Clinic based case–control study populations are often not representative of the general population. However, cases and controls were recruited from clinics that serve the same underlying populations, thus preserving internal validity. Because a considerable proportion of the skin cancer screening patients were confirmed to be free of skin cancer only after completion of the follow-up visit with a dermatologist, there was at time lag from study consent to verification of case–control status. As such, matching controls to cases was logistically challenging and significant case–control differences in age and sex resulted. However, all analyses were adjusted for age and sex. Furthermore, the analysis restricted to those aged 40 to 69 yielded similar results as those obtained from the entire study population. In addition, similar associations between genus-specific HPV seropositivity and SCC were observed between males and females in the restricted age range. Therefore, the observed associations between cutaneous HPV seropositivity and SCC are not likely due to residual confounding by age and/or sex. Adjustment for multiple comparisons reduced the statistical significance of most of the observed associations, thus, chance cannot be ruled out as an explanation for these findings. However, multiple comparisons is a methodologic challenge faced by all epidemiologic studies of cutaneous HPV infections, given the sheer number of types potentially implicated in SCC. Benign lesions were not obtained for control subjects that completed dermatologic follow-up, as such, for comparison purposes it was not possible to test the benign lesions for the presence of HPV DNA. If in fact cutaneous HPV is associated with benign skin lesions then the observed results would be attenuated given that a subset of the controls were diagnosed with such lesions.

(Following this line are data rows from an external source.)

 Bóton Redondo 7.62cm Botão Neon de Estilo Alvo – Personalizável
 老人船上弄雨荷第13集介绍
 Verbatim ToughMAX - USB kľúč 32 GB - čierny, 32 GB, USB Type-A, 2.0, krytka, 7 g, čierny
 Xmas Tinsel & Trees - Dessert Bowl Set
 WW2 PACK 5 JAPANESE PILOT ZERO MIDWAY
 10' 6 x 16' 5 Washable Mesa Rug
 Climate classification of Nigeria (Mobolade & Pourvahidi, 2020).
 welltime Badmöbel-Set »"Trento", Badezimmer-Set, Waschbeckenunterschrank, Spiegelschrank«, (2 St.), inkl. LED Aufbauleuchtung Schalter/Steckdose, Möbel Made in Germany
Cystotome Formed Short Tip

Several study strengths should also be noted. The current study is the first to present cutaneous HPV genus and type-specific associations outside of genus-alpha and -beta and to incorporate comparisons with genus-beta HPV DNA reactivity in SCC tumor tissues in a U.S. population. Only one study in the published literature has presented similar results among residents of Sweden and Austria (3). This is a major strength of the current study compared with previously published case–control studies of cutaneous HPV serology in SCC, allowing the unique opportunity to investigate specificity of serologic response and the presence of DNA for the same HPV type. In addition, the laboratory used to test for cutaneous HPV seropositivity has been used in most of the seroepidemiologic studies of cutaneous HPV published to date (4, 6, 7, 11, 22, 25, 40, 41), allowing for direct comparison across studies. Finally, the full-body skin examination conducted on all control subjects is another study strength, as it eliminated misclassification of SCC case–control status that can result by inclusion of apparently healthy individuals who in fact have a prevalent, undiagnosed SCC. Of note, 6 of the SCC cases included in the current study were screen-detected.

The current study confirms previous findings supporting the association between genus-beta seropositivity and SCC. In addition, genus-beta type–specific associations with SCC are supported by the observed correlation between HPV seropositivity and tumor DNA positivity for specific types in genus-beta. However, additional longitudinal studies need to be conducted to better understand the direction of the association between cutaneous HPV infection and SCC to rule out the possibility of reverse causality.